Laura Lee Ching

Personal information
- Born: Laura Blears December 25, 1950 (age 75) Buffalo, New York, U.S.
- Years active: 1970s–1980s

Surfing career
- Sport: Surfing

= Laura Lee Ching =

American surfer

Laura Lee Ching, also known as Laura Blears, Laura Blears Ching and Laura Blears Cody (born December 25, 1950) is an American surfer.

==Early life==
On December 25, 1950, Laura was born. Her father was Lord James Blears (died 2016), a professional wrestler and amateur surfer. Her mother was Leonora "Lee" Adelaina (died 2007). Laura had three siblings, Jimmy (also a champion surfer; died 2011), Clinton, and Carol.

== Career ==
Laura won the 1972 Makaha Invitational and became the first woman to compete in the Smirnoff World Pro-Am Surfing Championships in 1973. She was the world number one female surfer in 1973. She also appeared on What's My Line? and ABC's Wide World of Sports Challenge of the Sexes.

==Recognition==
Laura appeared in a six-page pictorial for Playboy magazine in its July, 1975 issue. Her pictorial, titled, "Super Surfer", was shot at Keawaʻula Beach (popularly known as Yokohama Beach) in Hawaii, while surfing nude on a Lightning Bolt surfboard and walking on the beach carrying her surfboard, as well as photos of Laura indoors, lying naked in a bed.

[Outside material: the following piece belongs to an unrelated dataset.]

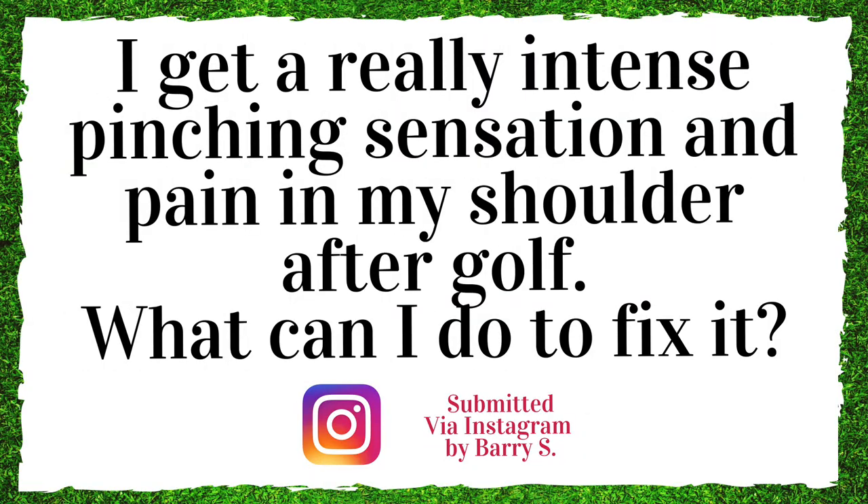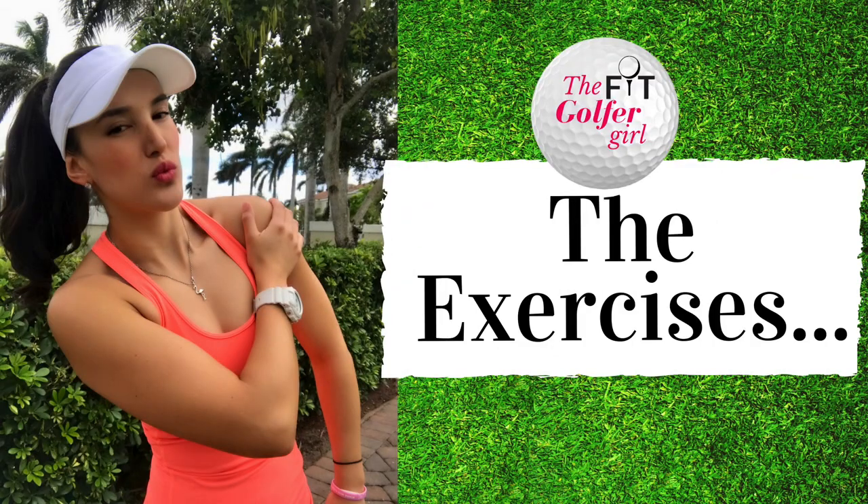The following question was submitted by Barry via Instagram: I get a really intense pinching sensation and pain in my shoulder after golf. What can I do to fix it? One of the biggest complaints we see from shoulder patients is a sharp pain throughout a range of motion. These sharp pains usually come from an impingement occurring inside the shoulder joint at a specific angle of movement. It usually happens when there's a little bit of weakness in the shoulder causing this impingement, and it's also caused by immobility of the actual shoulder joint. Let's take a look at some recommended exercises.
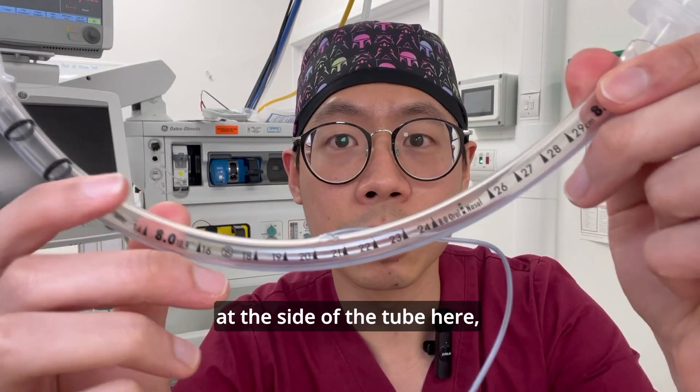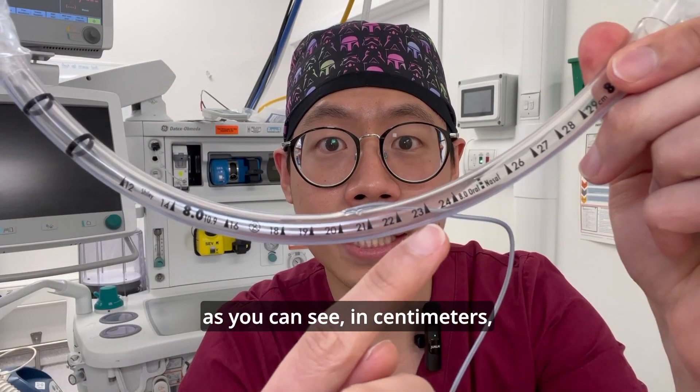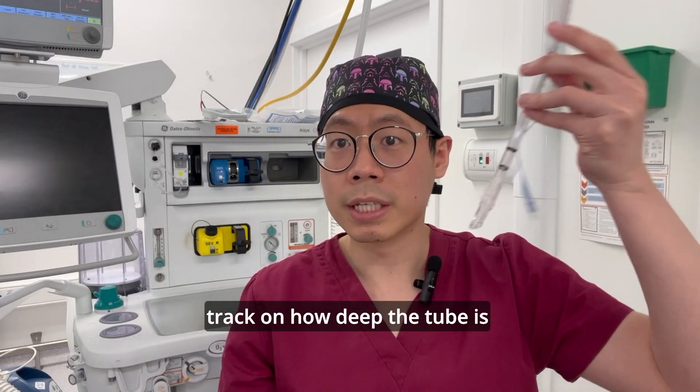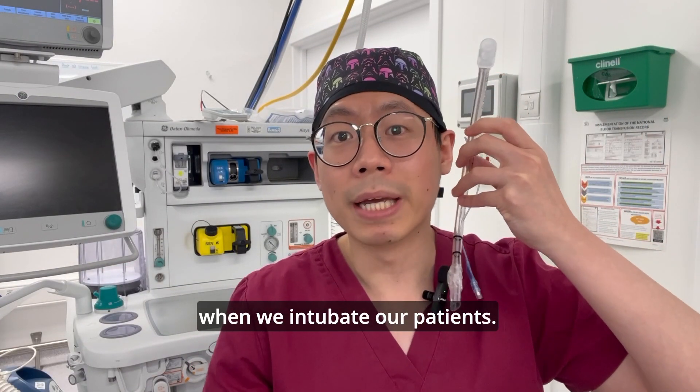There are also markings along the side of the tube here in centimeters, which allows us to keep track of how deep the tube is when we intubate our patients.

Additional photos not featured in the issue were published in January, 1978, in the Playboy Brazil version, published at the time as " A Revista do Homem". More pictures of her nude surfing were featured than in the USA issue, but did not feature full frontal photos (omitting the pubic hair area), which in the USA issue featured one on her lying full frontal on the surfboard. Playboy would reissue the opening two page spread of Laura on her surfboard in a yoga position, with one of her surfing, in the 1983 special newsstand edition, "Girls of Summer '83", then featured her once more in the special 1987 newsstand issue, "Wet and Wild Women", this time in a two-page spread with Laura on her surfboard, featuring a closeup of her naked buttocks, with two more photos of her nude surfing on each side.

In 1979, the Supersisters trading card set was produced and distributed; one of the cards featured Laura's name and picture.

In 2022 she received the restaurant Kimo's Maui's first Pioneers of Surfing Award.